As an entrepreneur, you do know that marketing is paramount to your business. It literally pulls your business along and makes you money. It only makes sense then that you put in a lot of effort into marketing. No wonder that after all the effort, you’d see no results. Here are some ways to squeeze the most out of your marketing dollar:
Try everything, use what works
There’s traditional offline advertising and there’s online advertising. Each of these primary methods of marketing has a gazillion ways of marketing within each. So which marketing methods should you be using? You have no way to know until you test to see what works for your business.
Online marketing has a way to allow you to precisely know how your campaigns are working. You can do the same with offline marketing by using key codes, special tracking methods such as attributing special callback numbers on your promotional items like bags, USB sticks, etc.
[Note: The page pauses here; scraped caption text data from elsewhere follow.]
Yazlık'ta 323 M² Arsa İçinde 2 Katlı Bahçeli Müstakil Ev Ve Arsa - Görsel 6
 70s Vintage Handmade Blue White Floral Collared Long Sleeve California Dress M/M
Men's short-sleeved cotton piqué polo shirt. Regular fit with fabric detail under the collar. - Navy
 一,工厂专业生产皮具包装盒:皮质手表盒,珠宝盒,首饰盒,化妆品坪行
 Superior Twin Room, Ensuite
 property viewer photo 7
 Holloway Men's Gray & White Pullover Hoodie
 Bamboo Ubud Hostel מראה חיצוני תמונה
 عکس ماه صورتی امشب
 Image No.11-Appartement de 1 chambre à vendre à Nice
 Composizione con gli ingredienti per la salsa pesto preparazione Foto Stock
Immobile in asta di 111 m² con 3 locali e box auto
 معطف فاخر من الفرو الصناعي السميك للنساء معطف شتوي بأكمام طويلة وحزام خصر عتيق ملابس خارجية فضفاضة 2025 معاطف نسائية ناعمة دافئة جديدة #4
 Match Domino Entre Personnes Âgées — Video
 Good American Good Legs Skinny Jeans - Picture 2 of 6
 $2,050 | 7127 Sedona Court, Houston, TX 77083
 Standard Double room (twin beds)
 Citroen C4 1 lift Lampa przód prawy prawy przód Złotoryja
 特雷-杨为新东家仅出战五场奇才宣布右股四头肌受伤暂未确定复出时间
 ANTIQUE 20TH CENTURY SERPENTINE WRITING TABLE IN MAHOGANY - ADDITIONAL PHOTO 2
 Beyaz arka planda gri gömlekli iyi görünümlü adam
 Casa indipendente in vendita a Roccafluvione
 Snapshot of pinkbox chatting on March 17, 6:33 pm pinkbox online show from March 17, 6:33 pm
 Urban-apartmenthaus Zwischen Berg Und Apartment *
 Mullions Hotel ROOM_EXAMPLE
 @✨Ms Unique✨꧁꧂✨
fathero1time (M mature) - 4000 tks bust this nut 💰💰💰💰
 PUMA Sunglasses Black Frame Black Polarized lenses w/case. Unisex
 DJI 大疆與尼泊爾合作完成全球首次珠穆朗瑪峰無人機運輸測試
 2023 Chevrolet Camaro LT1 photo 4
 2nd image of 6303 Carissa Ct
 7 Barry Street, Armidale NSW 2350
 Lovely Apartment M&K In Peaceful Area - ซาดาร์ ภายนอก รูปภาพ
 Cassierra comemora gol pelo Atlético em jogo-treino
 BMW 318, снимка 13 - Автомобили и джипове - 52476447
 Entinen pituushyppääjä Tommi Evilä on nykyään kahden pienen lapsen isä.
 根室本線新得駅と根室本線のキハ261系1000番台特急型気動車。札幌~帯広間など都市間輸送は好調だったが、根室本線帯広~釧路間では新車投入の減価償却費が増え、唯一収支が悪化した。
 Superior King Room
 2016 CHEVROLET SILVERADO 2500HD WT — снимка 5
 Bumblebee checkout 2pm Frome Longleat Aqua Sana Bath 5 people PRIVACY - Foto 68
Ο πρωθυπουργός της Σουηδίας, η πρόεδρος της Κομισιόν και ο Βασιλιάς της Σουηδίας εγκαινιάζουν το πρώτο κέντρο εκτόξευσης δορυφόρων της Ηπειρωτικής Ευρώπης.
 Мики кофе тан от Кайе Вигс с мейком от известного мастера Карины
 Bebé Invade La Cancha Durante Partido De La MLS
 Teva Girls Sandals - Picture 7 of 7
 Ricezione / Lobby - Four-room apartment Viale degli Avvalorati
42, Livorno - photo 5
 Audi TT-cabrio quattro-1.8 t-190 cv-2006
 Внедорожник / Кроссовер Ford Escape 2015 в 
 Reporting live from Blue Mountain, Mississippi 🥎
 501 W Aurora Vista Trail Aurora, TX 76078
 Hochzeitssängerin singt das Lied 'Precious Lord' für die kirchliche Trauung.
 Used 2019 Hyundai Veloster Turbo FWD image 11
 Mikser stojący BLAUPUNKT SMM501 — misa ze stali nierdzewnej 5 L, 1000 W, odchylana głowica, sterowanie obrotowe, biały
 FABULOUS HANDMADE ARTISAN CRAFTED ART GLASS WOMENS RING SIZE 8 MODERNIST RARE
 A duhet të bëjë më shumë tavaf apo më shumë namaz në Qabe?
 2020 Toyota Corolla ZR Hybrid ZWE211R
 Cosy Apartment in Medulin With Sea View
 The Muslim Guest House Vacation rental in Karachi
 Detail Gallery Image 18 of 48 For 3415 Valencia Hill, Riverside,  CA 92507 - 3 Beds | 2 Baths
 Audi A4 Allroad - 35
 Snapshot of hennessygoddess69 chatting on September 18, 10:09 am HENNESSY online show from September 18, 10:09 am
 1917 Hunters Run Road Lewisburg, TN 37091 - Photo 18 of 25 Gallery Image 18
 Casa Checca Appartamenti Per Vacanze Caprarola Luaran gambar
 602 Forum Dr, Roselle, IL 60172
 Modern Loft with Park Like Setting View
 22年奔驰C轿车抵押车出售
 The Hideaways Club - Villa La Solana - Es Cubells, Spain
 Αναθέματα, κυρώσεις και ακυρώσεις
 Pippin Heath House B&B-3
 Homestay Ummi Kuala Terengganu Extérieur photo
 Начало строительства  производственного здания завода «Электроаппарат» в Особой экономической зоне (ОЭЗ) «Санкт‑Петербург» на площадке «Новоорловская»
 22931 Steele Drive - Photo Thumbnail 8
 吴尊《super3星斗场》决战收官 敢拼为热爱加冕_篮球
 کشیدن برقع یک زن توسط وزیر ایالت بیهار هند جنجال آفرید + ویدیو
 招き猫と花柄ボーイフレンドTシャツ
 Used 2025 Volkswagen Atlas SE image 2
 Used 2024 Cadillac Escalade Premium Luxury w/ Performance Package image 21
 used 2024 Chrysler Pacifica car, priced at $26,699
Establish Marketing metrics
If you don’t know where you are going, you could go anywhere and that could be down south. It’s important to establish metrics for everything you do in business. Metrics are a fancy way of saying that you should be able to measure whatever you can. Measurements are a good way to track progress.
For example, if you sent out an email with a call-for-action such as to buy your product for 30% off this month, how many people was the email sent to? How many people clicked it open? How many prospects actually purchased? You get the point, don’t you?
Track everything
It only makes sense to track whatever it is that you want to measure. Let’s say you sent out promotional bags with a special phone number printed on them. Or maybe you distributed coupons. How many people responded this month? Once you get these numbers, you can check for responses each month and that’s tracking. Once you get the hang of it, for every month, you know what to do next.
Follow-up like your life depends on it
What’s the point in working hard-to-set-up campaigns and not follow up? Historically, research has proven that most prospects don’t make decisions immediately and are likely to make decisions only after effective follow-ups. That’s why you should call back to find out if your prospects received your promotional stationery (1st follow-up), for instance. Call up a week later to gently guide the prospects to your next step (2nd-follow up). Follow-up is a part of the process. Not doing it isn’t completing the sales cycle.